Activity: Work through the entries below and show every line in which "Apartment" is found.

Data in this exercise:
• • • • • • •
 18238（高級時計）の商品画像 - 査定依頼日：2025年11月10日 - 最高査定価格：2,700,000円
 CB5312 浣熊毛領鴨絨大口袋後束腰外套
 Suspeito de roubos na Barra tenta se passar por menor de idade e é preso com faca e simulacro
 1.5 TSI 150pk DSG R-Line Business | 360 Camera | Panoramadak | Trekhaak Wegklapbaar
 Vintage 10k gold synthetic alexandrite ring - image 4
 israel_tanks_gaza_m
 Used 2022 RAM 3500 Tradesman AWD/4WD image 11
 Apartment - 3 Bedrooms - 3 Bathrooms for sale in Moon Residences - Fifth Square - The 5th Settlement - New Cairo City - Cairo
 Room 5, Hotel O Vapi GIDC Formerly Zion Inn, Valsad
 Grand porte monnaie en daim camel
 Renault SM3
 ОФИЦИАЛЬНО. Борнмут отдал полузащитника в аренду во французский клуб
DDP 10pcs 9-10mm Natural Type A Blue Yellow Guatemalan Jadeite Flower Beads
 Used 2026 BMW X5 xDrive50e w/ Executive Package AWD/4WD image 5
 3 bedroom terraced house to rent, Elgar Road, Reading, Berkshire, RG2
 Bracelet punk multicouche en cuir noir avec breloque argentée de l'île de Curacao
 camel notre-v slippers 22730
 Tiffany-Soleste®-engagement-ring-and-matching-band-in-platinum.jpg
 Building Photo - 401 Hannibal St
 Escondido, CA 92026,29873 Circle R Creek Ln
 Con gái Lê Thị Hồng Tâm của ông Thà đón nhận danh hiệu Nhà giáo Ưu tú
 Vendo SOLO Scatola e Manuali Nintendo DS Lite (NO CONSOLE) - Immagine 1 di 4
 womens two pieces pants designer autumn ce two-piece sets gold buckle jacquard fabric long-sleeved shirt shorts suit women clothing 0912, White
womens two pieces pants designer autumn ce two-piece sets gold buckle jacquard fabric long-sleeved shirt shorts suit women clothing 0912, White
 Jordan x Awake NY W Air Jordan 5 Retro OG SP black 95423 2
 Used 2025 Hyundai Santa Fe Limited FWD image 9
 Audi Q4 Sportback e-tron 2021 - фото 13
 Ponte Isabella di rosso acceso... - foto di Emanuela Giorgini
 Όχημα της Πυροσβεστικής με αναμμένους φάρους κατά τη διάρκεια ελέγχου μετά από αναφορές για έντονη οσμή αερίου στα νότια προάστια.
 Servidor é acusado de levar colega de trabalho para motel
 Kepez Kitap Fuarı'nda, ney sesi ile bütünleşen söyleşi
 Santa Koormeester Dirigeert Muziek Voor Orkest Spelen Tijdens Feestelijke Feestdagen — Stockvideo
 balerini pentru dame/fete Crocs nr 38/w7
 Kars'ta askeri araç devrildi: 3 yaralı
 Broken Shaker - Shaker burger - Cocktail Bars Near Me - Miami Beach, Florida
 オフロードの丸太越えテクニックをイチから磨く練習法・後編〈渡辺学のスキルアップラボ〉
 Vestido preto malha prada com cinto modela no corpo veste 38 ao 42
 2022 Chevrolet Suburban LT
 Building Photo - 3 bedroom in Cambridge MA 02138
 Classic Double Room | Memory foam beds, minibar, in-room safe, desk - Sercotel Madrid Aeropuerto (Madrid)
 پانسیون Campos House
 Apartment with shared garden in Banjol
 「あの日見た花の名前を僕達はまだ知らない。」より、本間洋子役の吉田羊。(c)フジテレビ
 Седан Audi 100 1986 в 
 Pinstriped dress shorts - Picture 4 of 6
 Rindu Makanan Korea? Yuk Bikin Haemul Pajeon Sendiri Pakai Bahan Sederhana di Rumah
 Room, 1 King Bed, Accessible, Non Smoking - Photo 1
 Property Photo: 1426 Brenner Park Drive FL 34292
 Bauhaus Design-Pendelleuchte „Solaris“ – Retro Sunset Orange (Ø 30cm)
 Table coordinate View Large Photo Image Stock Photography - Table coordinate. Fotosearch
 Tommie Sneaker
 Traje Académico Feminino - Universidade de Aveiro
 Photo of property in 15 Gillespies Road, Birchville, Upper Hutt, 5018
• • • • • • •
Answer box:
 Apartment - 3 Bedrooms - 3 Bathrooms for sale in Moon Residences - Fifth Square - The 5th Settlement - New Cairo City - Cairo
 Apartment with shared garden in Banjol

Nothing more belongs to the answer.